本研究は韓国系ニューカマー第2世代を対象に,社会科における多文化教育の個別事例を考察したものである。この作業を遂行するため,韓国系ニューカマー第2世代の生徒にライフストーリー法にならった半構造化インタビューを行った。そして,その語りから葛藤や教育ニーズを抽出し,韓国系ニューカマー第2世代を対象にいかなる社会科の多文化教育実践を展開するかを具体的に分析した。
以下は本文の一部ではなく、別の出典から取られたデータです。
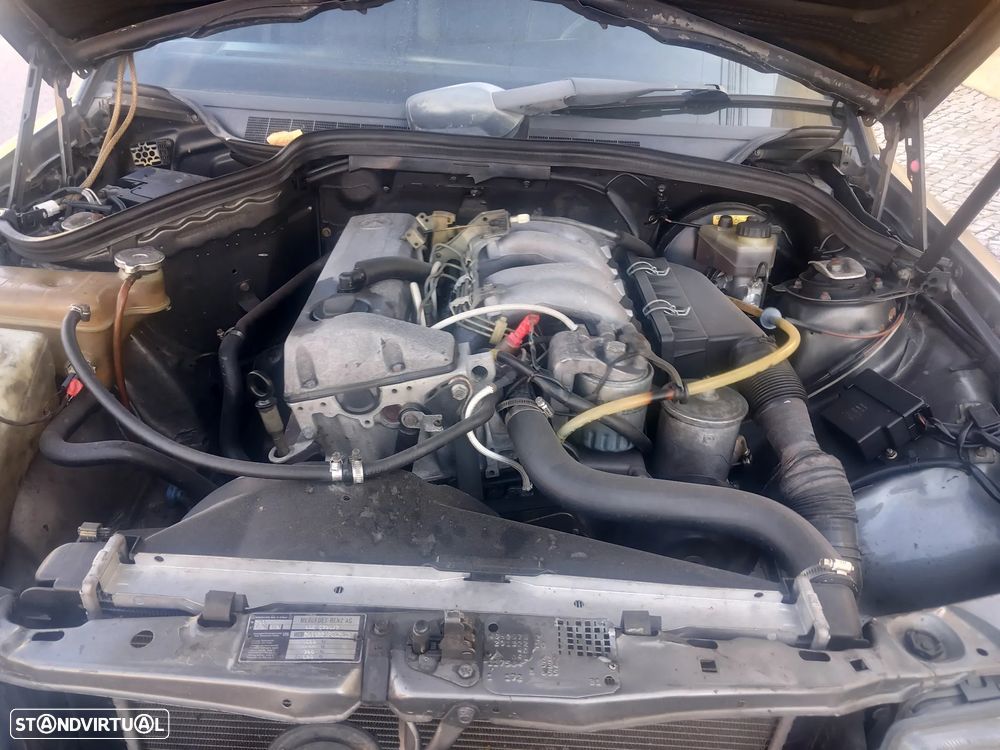 Mercedes-Benz 190 D 2.0 - 8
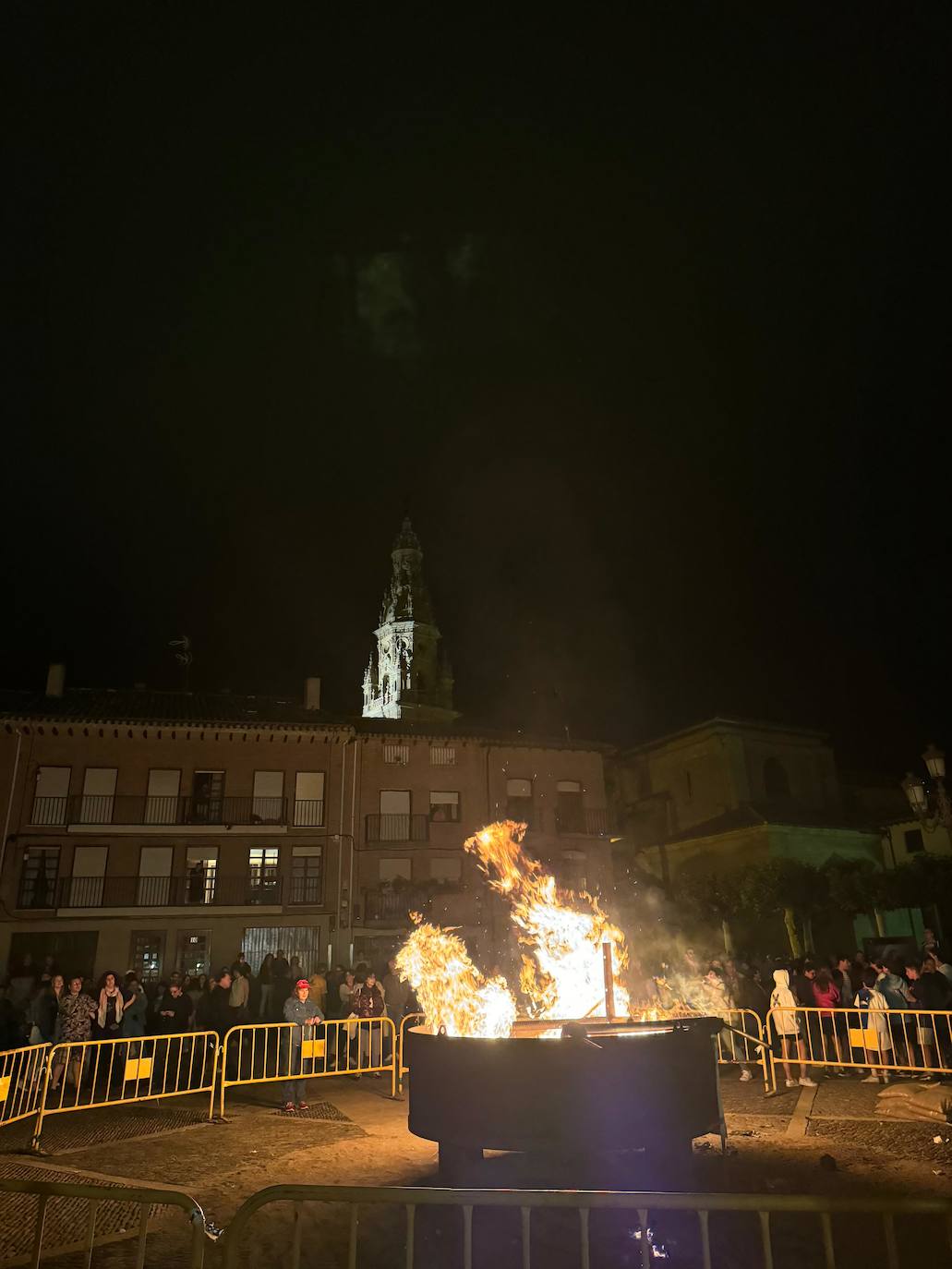 Las hogueras de San Juan arden en toda La Rioja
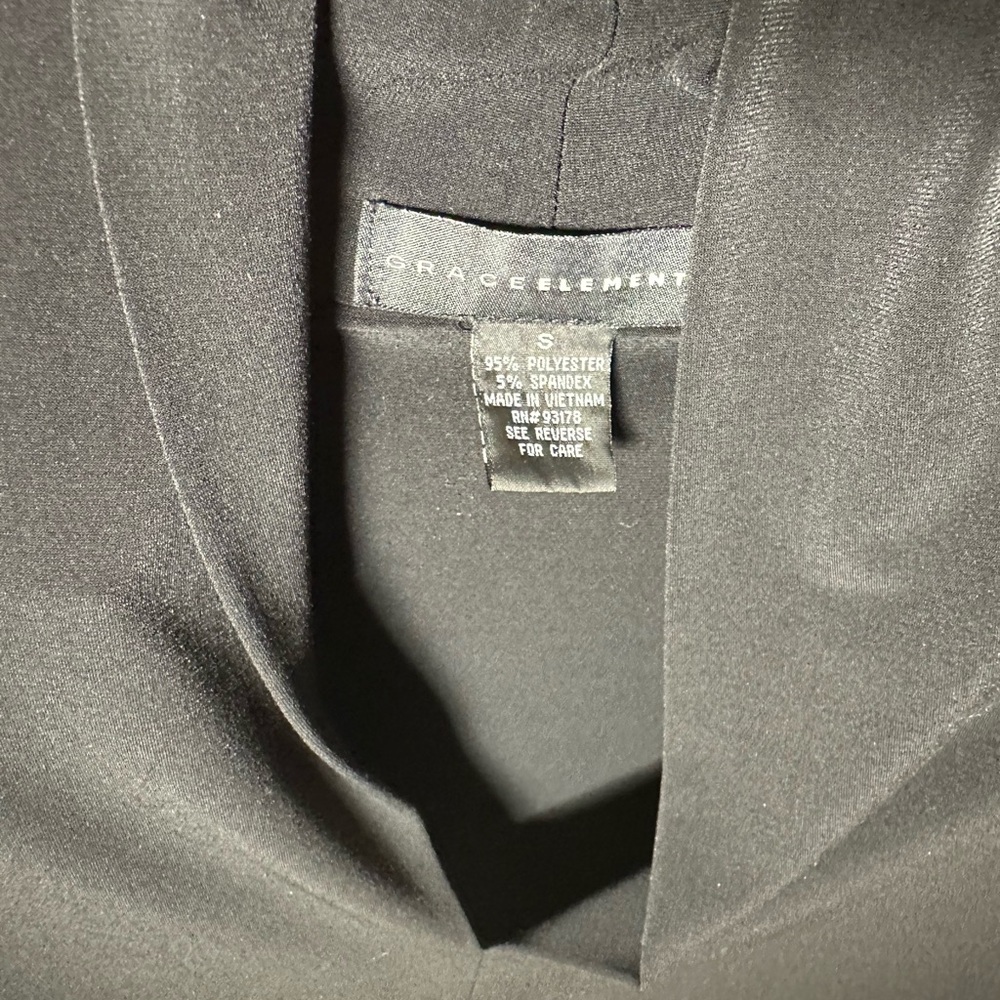 Grace Elements Black V-Neck Blouse - image 5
得られた知見は次の二点である。第一に,本事例では国籍に基づく日常的な排除経験によってアイデンティティの引き裂かれという教育困難が確認された。従って,韓国系ニューカマー2世を対象にした社会科教育実践においては,目標としてハイブリッドなアイデンティティ形成の必要性を示し,とりわけ社会的ステレオタイプの克服が肝要だと説いた。第二に,この目標達成の方途として,植民地主義や戦後の責任に対する子どもたち自身の歴史認識を対話する授業実践の可能性を示唆した。
今後の課題として,歴史認識を対話する実践の具体的デザインと効果検証,韓国系ニューカマー2世固有の課題として一般化するための事例数増加,在日朝鮮人教育との比較研究,異なるエスニシティの個別事例研究を示した。